─── DATASET CONTENT
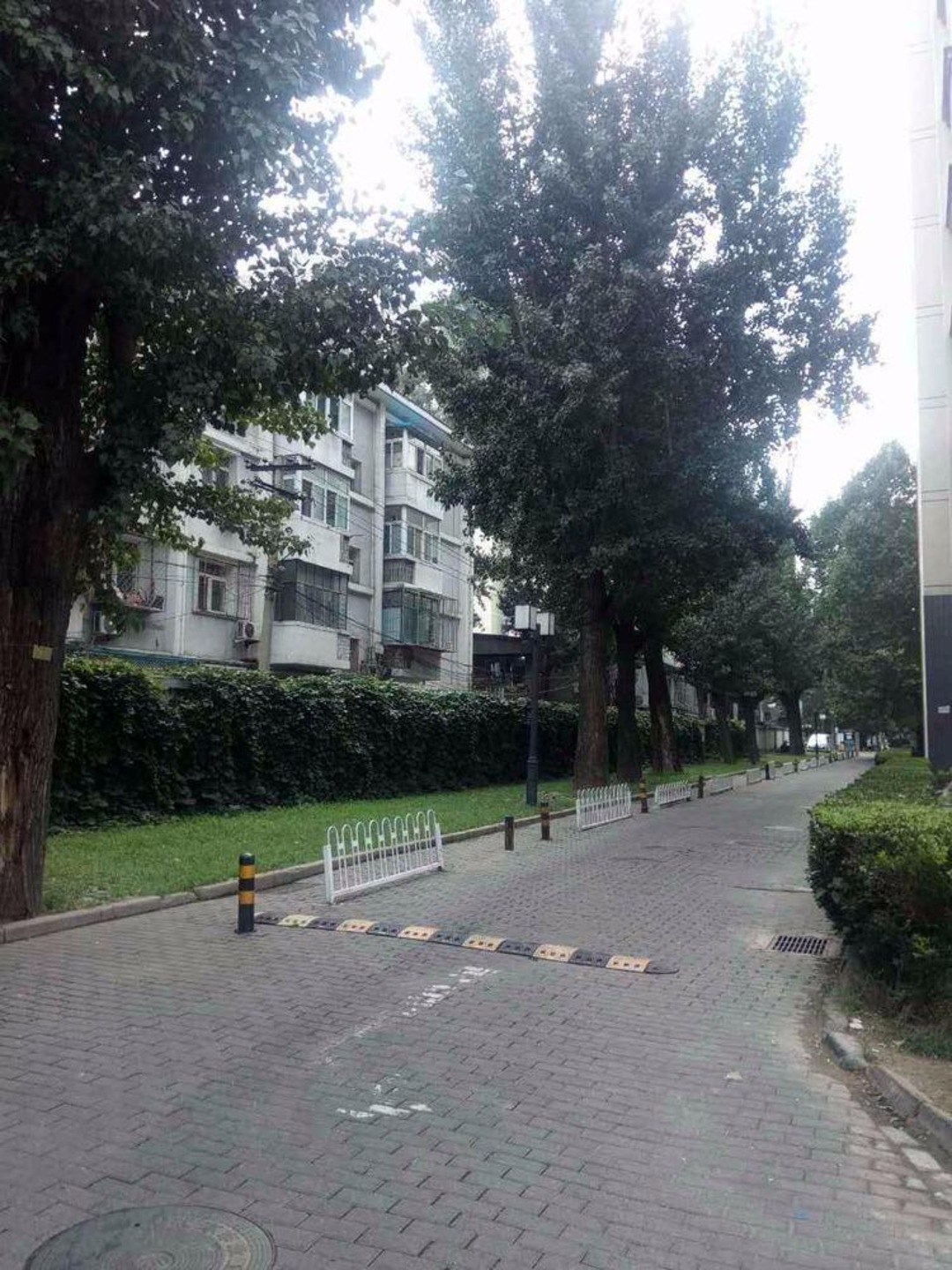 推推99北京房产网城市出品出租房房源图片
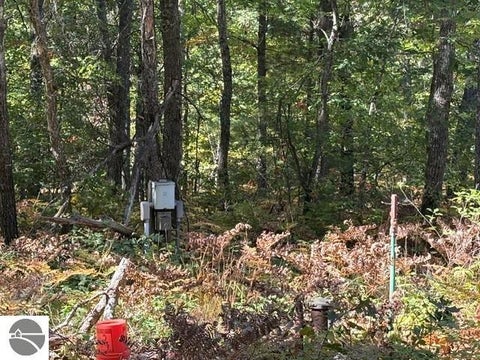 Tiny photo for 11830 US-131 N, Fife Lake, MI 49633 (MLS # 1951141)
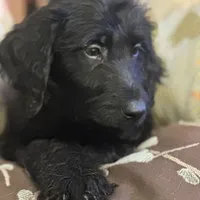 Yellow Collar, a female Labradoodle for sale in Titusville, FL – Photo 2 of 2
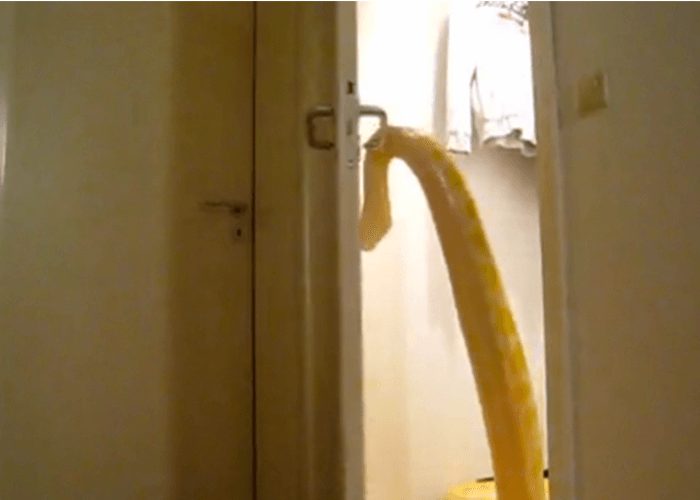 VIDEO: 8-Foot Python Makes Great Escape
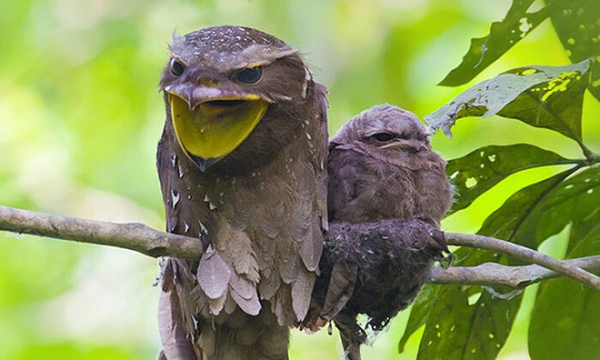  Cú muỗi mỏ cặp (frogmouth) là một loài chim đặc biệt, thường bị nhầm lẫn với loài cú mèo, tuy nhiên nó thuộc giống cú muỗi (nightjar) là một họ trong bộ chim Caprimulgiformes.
──────
─── DATASET CONTENT
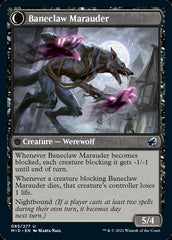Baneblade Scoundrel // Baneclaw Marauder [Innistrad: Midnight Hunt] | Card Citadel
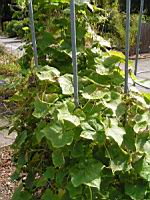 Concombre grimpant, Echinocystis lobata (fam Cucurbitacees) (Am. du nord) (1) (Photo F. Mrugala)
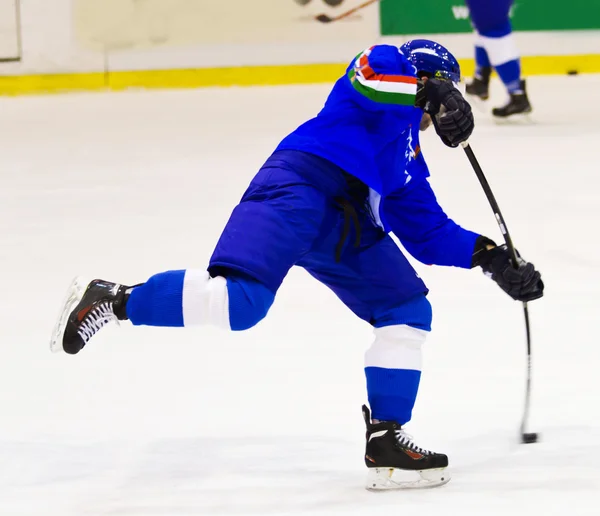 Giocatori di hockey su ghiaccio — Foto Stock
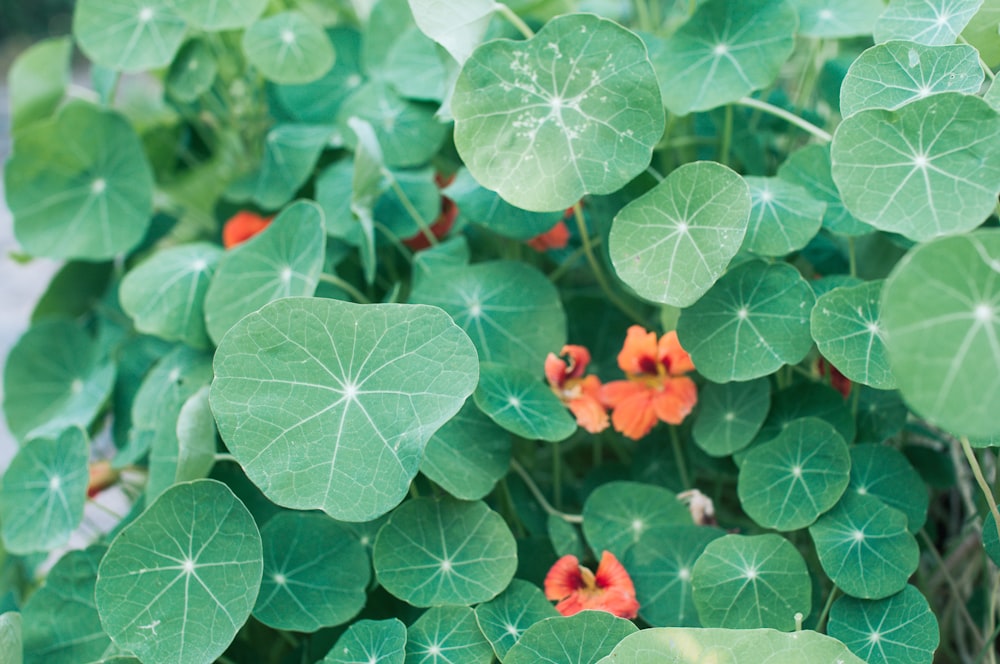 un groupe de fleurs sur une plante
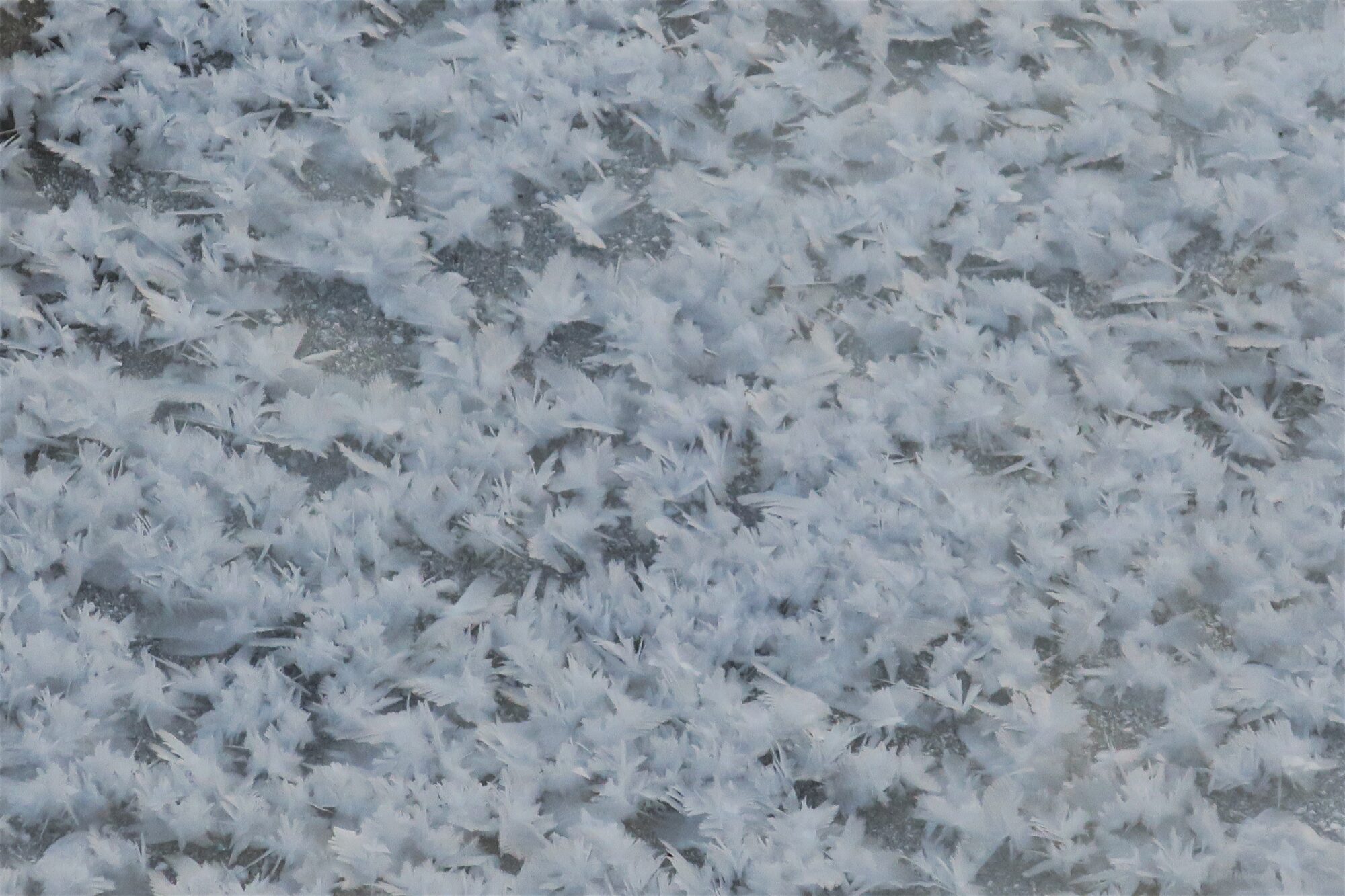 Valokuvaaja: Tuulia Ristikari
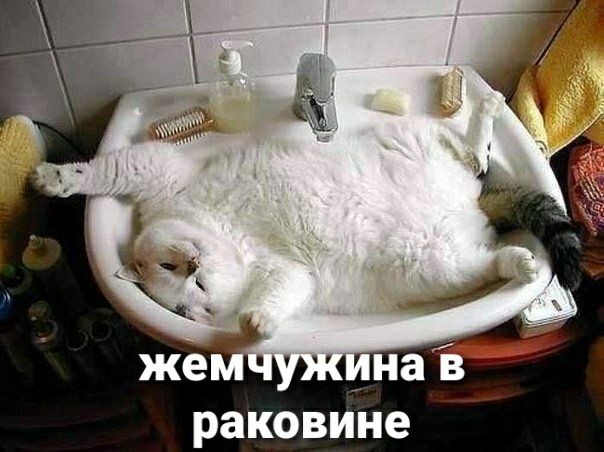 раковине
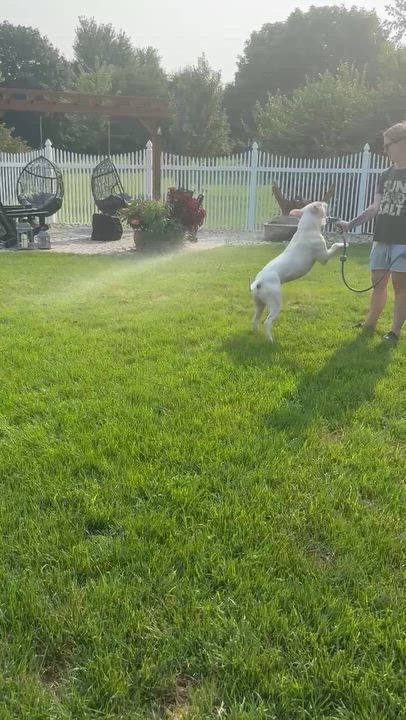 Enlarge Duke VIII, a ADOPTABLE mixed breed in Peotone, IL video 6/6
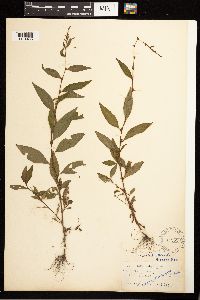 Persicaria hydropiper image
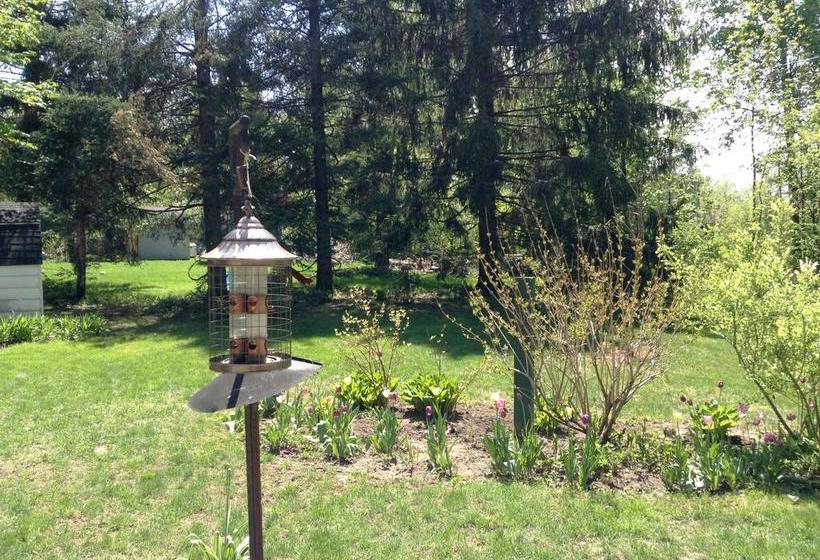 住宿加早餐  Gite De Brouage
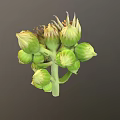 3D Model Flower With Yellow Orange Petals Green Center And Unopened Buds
──────
| TO DO |
An exact copy of the lines above from the one with "Gite De Brouage" up to and including the one with "3D Model Flower" is required; reproduce only those lines, omitting all pictures.

| WRITTEN SOLUTION |
 住宿加早餐  Gite De Brouage
 3D Model Flower With Yellow Orange Petals Green Center And Unopened Buds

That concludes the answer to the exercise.